John McPherson’s Close to Home for the 3rd of October drops in the abacus as a backup for the bank’s computers. It’s a cute enough idea. Deep down, I admit, I’m not sure that an abacus would be needed for most of the work a teller has to do during a temporary computer outage, though. Most of the calculations to do would be working out whether there’s enough money in the account to allow a given withdrawal. That’s database-checking, really. Also I’m not sure that’s a model of abacus that’s actually been made, but if I understood what was wanted, then in some ways wasn’t the artwork successful?
Larry Wright’s Motley Classics for the 3rd of October is a rerun from the same day in 1987. Debbie gives the terribly complicated instructions on how to calculate a tip. I’m not sure how tip-calculating got to the pop culture position of “most complicated thing people do with mathematics that isn’t taxes”. Probably that it is a fairly universal need for mathematics that isn’t taxes (and so seasonally bound) explains it. I think she’s describing a valid algorithm, though, if we make some assumptions about her pronouns.

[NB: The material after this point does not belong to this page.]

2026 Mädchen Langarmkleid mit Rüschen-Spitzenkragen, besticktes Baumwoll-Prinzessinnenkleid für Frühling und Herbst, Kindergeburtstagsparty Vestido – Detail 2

Suppose we start with the price P. Double that and move the decimal one place over, to the left I suppose, and we have 0.20 times P. Suppose that this is the first answer. If we divide this first answer by four, then, this second answer will be 0.05 times P. And subtracting the second answer from the first is, indeed, 0.15 times P, or fifteen percent of the original price. While correct, though, it’s still a lousy algorithm. Too many steps, too much division, and subtraction is a challenge. Taking one-tenth the price plus half a tenth would be numerically identical and less challenging. Taking one-sixth the price would be a division, yes, but get you to near enough fifteen percent with only one move.
Mark Pett’s Lucky Cow for the 4th of October, another rerun, shows off one of the silly semantic-equation games that mathematics majors sometimes play. Forgive them. There’s a similar argument which proves that half a ham sandwich is greater than God. It all amounts to playing on arguments which might (not always!) be correct in form but have things with silly meanings plugged into them.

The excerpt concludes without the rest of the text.